T. Foley, right, records Ricardo Iamuuri's Handmonica Tone at the Waffle Shop in East Liberty.
By Anna Venishnick for PF/PCA
This is a biweekly series about art and artists in the region. Pittsburgh Filmmakers/Pittsburgh Center for the Arts serves the community through arts education, exhibitions and artist resources.
"Locally Toned" is an original art project that uses airspace for sonic transmission, specifically, of ring tones. Keep in mind that sound is public property -- there for the taking.
It is the work of Pittsburgh-based artist, performer, arts advocate and educator T. Foley. Since 2009 she has invited the community to create its own ring tones that are then shared free on the website www.locallytoned.org.
As a nontraditional artist, Ms. Foley says, "I'm interested in getting out of the studio to collaborate with others and in sharing my work with the public -- outside gallery and museum settings."
This project, which is funded through grants, has taken her all over the Pittsburgh region to record an infinite variety of sounds.

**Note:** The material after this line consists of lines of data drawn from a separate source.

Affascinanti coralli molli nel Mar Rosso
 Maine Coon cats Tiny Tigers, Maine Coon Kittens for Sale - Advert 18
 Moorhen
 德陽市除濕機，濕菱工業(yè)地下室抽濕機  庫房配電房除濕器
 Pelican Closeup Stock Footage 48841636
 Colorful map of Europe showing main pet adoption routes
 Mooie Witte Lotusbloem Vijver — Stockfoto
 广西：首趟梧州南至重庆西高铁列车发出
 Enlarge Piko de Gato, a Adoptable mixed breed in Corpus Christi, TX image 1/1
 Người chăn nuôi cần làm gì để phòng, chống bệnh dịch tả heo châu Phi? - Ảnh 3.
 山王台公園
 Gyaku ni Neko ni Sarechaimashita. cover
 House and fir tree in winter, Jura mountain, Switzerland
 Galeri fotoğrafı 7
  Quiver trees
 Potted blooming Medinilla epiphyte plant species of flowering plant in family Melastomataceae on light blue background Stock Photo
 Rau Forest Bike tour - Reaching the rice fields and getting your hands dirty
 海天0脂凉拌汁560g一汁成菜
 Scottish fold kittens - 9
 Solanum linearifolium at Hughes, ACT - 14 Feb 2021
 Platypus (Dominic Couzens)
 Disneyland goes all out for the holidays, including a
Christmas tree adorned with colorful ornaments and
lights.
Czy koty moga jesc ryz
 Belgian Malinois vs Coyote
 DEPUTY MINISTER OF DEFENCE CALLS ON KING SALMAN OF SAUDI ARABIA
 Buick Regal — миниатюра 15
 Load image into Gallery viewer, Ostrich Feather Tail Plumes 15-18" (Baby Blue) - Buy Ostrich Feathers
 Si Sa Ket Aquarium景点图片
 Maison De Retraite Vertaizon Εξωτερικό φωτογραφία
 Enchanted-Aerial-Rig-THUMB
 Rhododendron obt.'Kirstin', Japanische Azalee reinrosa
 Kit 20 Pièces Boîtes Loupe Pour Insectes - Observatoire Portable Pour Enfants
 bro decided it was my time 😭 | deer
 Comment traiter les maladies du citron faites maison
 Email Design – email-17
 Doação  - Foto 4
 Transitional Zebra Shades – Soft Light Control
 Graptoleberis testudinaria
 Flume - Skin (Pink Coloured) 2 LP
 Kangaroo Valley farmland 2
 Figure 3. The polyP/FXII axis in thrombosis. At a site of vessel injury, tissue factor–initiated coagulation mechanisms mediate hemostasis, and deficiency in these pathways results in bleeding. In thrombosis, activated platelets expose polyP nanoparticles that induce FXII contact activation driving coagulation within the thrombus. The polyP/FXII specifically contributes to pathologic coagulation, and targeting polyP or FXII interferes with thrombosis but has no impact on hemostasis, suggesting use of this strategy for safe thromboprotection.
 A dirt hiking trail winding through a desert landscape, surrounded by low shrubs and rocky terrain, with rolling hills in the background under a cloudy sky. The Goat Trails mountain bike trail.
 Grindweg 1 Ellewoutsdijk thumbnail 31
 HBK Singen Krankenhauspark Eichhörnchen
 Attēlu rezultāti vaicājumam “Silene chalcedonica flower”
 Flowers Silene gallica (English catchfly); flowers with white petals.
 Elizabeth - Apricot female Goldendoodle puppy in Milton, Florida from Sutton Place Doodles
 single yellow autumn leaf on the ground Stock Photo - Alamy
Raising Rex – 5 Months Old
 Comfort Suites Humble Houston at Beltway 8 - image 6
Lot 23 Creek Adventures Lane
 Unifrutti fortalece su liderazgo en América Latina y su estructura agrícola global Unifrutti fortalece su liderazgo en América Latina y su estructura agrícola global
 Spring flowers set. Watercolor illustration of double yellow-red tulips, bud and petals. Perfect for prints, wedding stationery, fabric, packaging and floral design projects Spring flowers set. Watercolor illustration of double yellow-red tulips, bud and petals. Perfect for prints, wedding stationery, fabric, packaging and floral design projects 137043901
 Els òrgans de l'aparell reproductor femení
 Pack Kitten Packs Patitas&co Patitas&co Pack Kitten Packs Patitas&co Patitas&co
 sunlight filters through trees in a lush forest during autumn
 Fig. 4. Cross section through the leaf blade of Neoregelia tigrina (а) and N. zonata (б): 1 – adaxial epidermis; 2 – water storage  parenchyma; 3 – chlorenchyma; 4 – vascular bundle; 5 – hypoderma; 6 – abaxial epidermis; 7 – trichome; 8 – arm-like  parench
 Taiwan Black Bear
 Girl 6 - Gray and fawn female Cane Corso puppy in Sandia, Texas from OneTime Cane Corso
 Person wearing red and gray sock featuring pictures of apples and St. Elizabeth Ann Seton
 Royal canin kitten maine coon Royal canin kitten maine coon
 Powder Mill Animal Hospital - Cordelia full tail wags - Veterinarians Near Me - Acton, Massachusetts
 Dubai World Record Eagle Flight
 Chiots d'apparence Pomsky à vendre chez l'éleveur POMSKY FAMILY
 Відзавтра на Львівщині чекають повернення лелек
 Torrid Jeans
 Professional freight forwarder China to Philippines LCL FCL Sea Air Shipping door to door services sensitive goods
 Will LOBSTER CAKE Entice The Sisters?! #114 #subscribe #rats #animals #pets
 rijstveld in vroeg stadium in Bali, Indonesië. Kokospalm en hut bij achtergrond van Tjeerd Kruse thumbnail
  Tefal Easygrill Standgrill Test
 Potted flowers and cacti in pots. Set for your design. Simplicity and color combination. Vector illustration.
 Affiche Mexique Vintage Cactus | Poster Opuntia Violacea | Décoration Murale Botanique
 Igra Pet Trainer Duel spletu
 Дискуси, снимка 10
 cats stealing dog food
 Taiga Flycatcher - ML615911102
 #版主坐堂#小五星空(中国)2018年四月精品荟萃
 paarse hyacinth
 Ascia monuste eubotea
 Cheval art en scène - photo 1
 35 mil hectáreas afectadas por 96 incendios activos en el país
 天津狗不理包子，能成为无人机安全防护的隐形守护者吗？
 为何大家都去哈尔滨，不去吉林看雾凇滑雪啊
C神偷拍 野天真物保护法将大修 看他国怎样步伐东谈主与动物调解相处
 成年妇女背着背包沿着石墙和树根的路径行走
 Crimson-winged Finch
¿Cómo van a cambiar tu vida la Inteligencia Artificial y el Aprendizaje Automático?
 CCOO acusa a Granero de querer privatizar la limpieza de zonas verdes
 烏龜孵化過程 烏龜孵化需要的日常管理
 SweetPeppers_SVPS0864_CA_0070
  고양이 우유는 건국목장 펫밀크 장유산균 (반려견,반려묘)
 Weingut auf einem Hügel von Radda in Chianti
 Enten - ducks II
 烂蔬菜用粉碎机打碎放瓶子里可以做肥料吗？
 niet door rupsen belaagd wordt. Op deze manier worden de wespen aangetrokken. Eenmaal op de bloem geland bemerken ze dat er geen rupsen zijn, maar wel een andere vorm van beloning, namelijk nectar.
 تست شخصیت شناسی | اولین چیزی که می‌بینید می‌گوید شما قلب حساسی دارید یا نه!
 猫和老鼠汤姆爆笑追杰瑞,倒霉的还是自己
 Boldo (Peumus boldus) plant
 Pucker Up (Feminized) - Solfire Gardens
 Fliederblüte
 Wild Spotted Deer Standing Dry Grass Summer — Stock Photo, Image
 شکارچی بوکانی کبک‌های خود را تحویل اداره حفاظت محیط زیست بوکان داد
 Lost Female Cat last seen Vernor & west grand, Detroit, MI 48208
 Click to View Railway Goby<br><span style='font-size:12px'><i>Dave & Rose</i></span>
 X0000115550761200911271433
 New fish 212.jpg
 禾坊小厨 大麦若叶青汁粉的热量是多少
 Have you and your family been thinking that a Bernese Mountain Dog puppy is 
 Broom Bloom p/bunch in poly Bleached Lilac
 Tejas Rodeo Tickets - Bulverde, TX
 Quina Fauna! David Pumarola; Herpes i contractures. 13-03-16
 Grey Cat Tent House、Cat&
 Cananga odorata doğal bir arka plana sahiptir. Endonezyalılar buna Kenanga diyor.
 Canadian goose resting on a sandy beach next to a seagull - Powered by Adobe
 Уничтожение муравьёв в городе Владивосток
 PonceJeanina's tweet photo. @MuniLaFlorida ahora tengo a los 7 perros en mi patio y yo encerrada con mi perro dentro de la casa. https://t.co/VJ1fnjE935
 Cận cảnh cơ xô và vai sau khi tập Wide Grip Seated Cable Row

Some are jovial -- a pinball machine, Fourth of July fireworks, the merry-go-round at Kennywood Park -- or they might be more ominous, like the sound of a prison whistle that goes off at 8:40 every night.
Many of the tones are musical bits that have personal meaning, while others have an association for whole generations, such as the opening notes from the PBS children's show "Mister Rogers' Neighborhood."
"I make this sort of work because I think it's important for all of us to express our creativity and share it with others in interesting ways," she explains. "We need more ring tones that sound like bicycle bells and the laughter of little kids than we do music industry tones."
Ms. Foley is looking for more ideas for ring tones. To find out how to participate, contact her at firstname.lastname@example.org. "It basically takes a whole village to make a community-based artwork," she says.
Ms. Foley is a participating artist in the 2011 Pittsburgh Biennial exhibit "Gertrude's Lot," on view at The Andy Warhol Museum.